Though the Prime Minister now defends what he calls “reasonable and cautious optimism”, we know that it’s critical to persist in making our message heard since the struggle isn’t over.
Along with the Union Française des Industries Mode et Habillement (UFIMH), we’re continuing discussions with the government and public authorities and advocating that measures equal to the gravity of the situation be swiftly – and I’ll say finally – taken.
First there are the emergency measures, notoriously inadequate, concerning stock, rent, and even access to solidarity funds. Given all the huge holes in the safety net for our companies, these measures need to be reviewed and strengthened very rapidly.

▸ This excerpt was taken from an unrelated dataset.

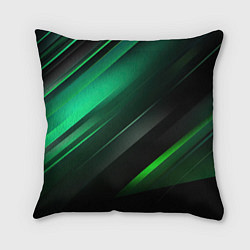 Подушка квадратная Black green abstract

Next is businesses’ financial health, which has been seriously damaged by the health crisis. Repayment schedules for state-guaranteed bank loans (PGEs) should be extended and, as suggested by Finance Minister Bruno Le Maire, a relief scheme for the most affected businesses should be quickly introduced. Participative loans and a sectoral fund (which we have consistently asked for) should also be established and adapted to the reality of our businesses and help them improve their capital position.
And finally, the core of our concerns is, of course, economic recovery. We’re fighting for the plan to include stronger measures to support small and medium-sized businesses, especially brands, which are currently ruled out of a certain number of programs. They should get more support to make the best of the major changes the health crisis has accelerated, in particular buying habits and environmental and digital transitions.
It’s time to enact strong measures to help the cultural and creative industries!
Ready-to-wear businesses are ready to move forward. Over the last year, on their own and sometimes with help from DEFI and our Fédération, they have made considerable effort to accelerate their digital and CSR transformations. The health situation is improving, and consumption and international markets are moving again. An upturn is ahead. The government must be part of the economic recovery!